In the end of the fjord lies Lysebotn, a little village with a permanent population of 15 and maybe a hundred over-night tourists. The village is surrounded by mountains and the fjord in every direction. A small road with 27 serpentines and a 1.1 kilometers long tunnel leads up to Kjerag and continues towards Sirdal. The road has an average inclination of 10 percent, and we saw many brave cyclists going up the hill.

Lysebotn is famous among BASE-jumpers, Kjerag is one of the most known jump locations in the world. It is really dangerous too, since 1986 it has taken the lives of nine jumpers, many of them experienced.

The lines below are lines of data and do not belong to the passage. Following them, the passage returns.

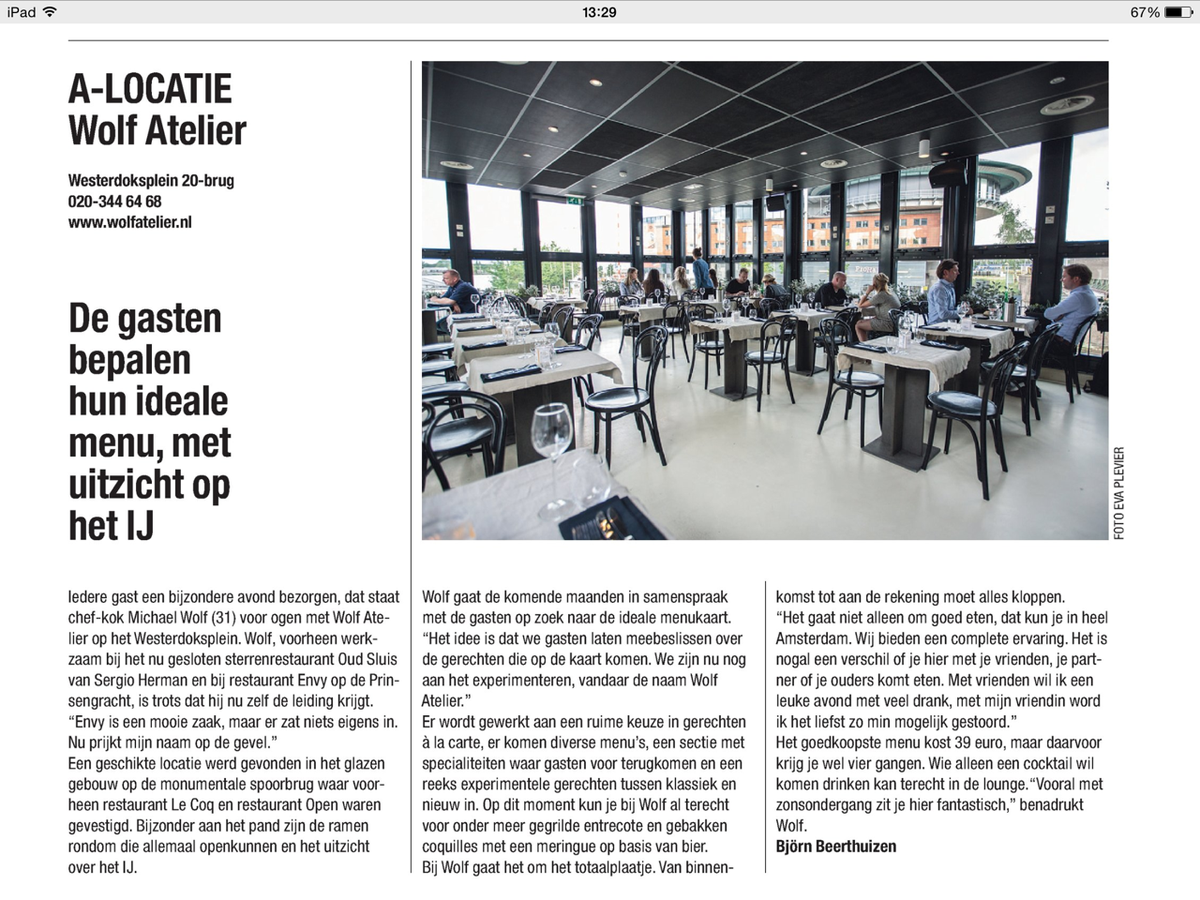 niiiice! <a href="/mwolfenvy/">michael wolf</a>'s #wolfatelier A-lokatie in #parool #restaurant  #amsterdam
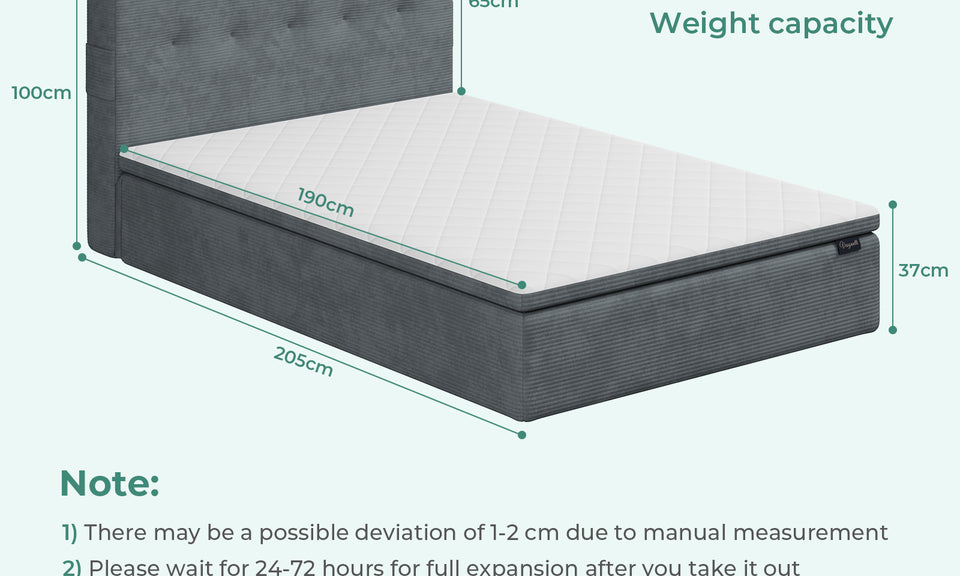 Vesgantti 14.5 Inch Mattress with Upholstered Headboard, Medium Firm | No Bed Frame Required, Memory Foam Pocket Spring Mattress Removable Headboard with Side Storage Pocket, Suitable for Floor Use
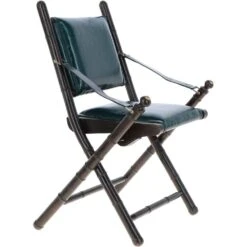 Vintage Folding Leather Chair Green: VIN-39 -Luxe Style Central vintage folding leather chair green vin 39 p6480 23634 image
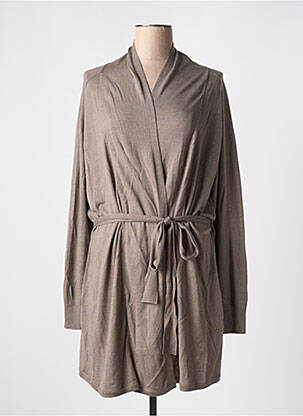 Déshabillé manches longues marron MARJOLAINE femme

We stayed three nights in Lysebotn at the newly opened cabin of Stavanger Turistførening. We did the hike up Kjerag and some car sightseeing in Sirdal. Here is the description of the hike from Øygardsstøl to Kjeragbolten:

Hiking from Øygardsstøl to Kjeragbolten

This is a quite long hike with lots of climbing, going up and down a few times before reaching the top of Kjerag. Many of the cliffsides are really steep, but the route has chains to hold on to in the steepest part. The overall distance (including return) is only 11 kilometers, but it easily takes around six hours to complete. In good weather there are no dangerous parts, except maybe the narrow snowy ledge close to Kjeragbolten, where you still can slip quite safely to the right side suffering only embarassment.

The classic step out on Kjeragbolten, the small rock stuck over a fall of 1000 meters to the fjord is of course dangerous too, but that isn’t actually part of the route, and I actually skipped it, knowing that my slight fear of heights might turn my legs to jelly walking the small ledge out to the rock. Ellie was braver and went out for a photoshoot on bolten.

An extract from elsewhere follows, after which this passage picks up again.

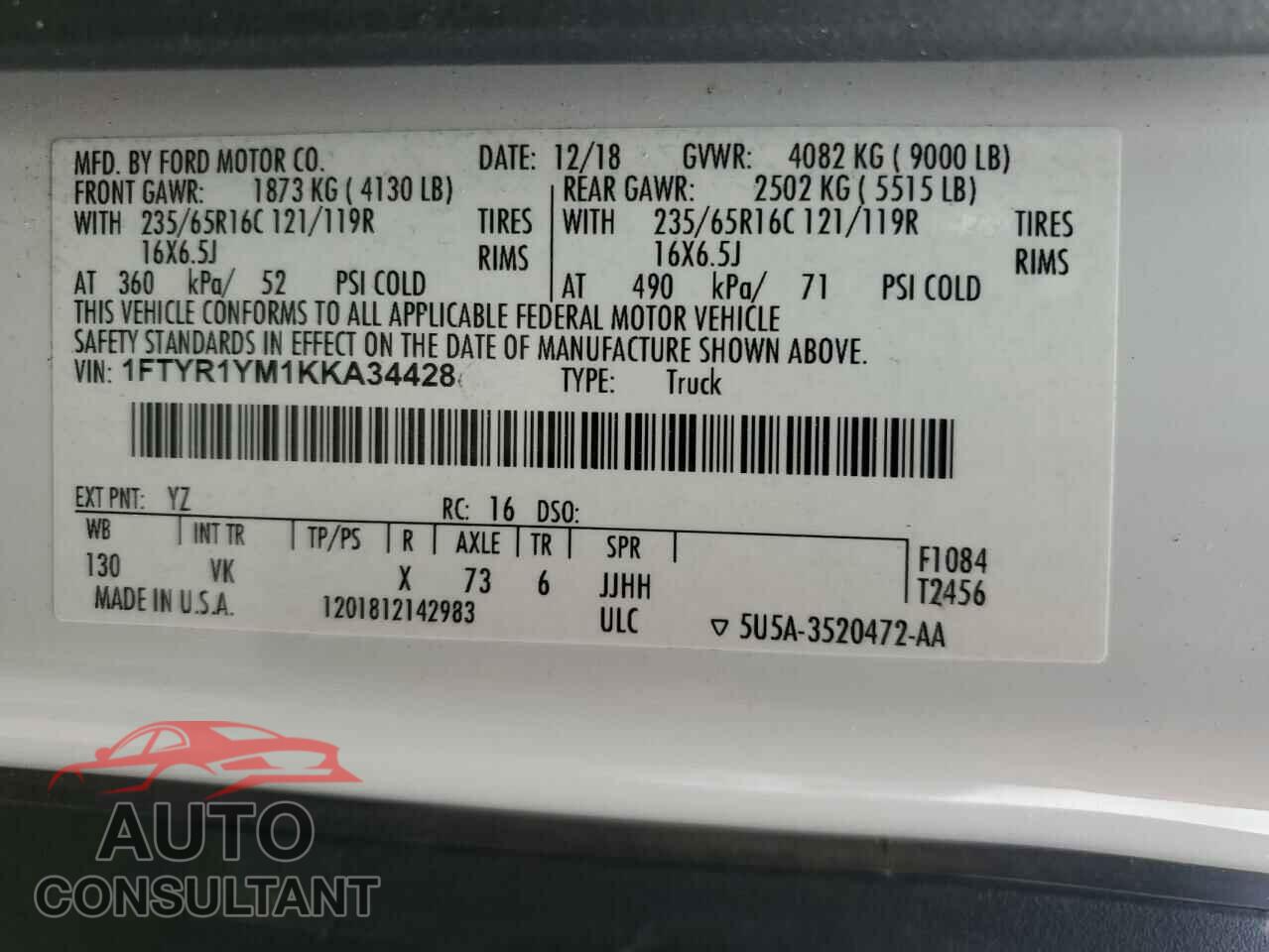 FORD TRANSIT 2019 - 1FTYR1YM1KKA34428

The good thing about Kjerag is that, although it is quite popular, it isn’t overcrowded like Preikestolen. The walk up is much more strenous, and it is so much further from Stavanger that not as many daytrippers bother over there. The solitude that you can find on the mountain makes the experience so much more special than the neverending queue up Preikestolen.

You can get to Øystensstølen by car from Stavanger through Sirdal, or by car ferry to Lysebotn and six kilometers up the road towards Sirdal. The road is closed in the winter, but doing the hike in icy conditions would anyway be dangerous.

The ferry approaches Lysebotn in the end of the fjord

The ferry approaches Lysebotn at the end of the fjord

BASE jumper landing in Lysebotn

BASE jumper landing in Lysebotn

Ascending Kjerag

Ascending Kjerag

Chains help in the steepest parts of Kjerag

Chains help in the steepest parts of Kjerag

The hike is long and in many places steep

The hike is long and in many places steep

Mid-July and snow at Kjerag

Mid-July and snow at Kjerag

Ellie at the magic Kjeragbolten. 1000 meters fall to the fjord behind.

Ellie at Kjeragbolten. 1000 meters fall to the fjord below.

Crowded at bolten, five at a time! On the right the narrow ledge you have to pass.

Crowded at bolten, five at a time! On the right the narrow ledge you have to pass.

Before bolten, you have to pass a slippery and narrow snow crest. The narrowest 5 meter is only about 30 cm in width.

Before bolten, you have to pass a slippery and narrow snow crest. The narrowest 5 meter is only about 30 cm in width.

Looking down at bolten

Looking down at bolten

Lysefjorden seen from Kjerag

Lysefjorden seen from Kjerag

Heroic Martin at Kjerag

Heroic Martin at Kjerag

The long steep parts takes your breath, regardless of your physical shape.

The long steep parts takes your breath, regardless of your physical shape.

Lysebotn as seen from Kjerag

Lysebotn as seen from Kjerag. Anyone for a BASE jump?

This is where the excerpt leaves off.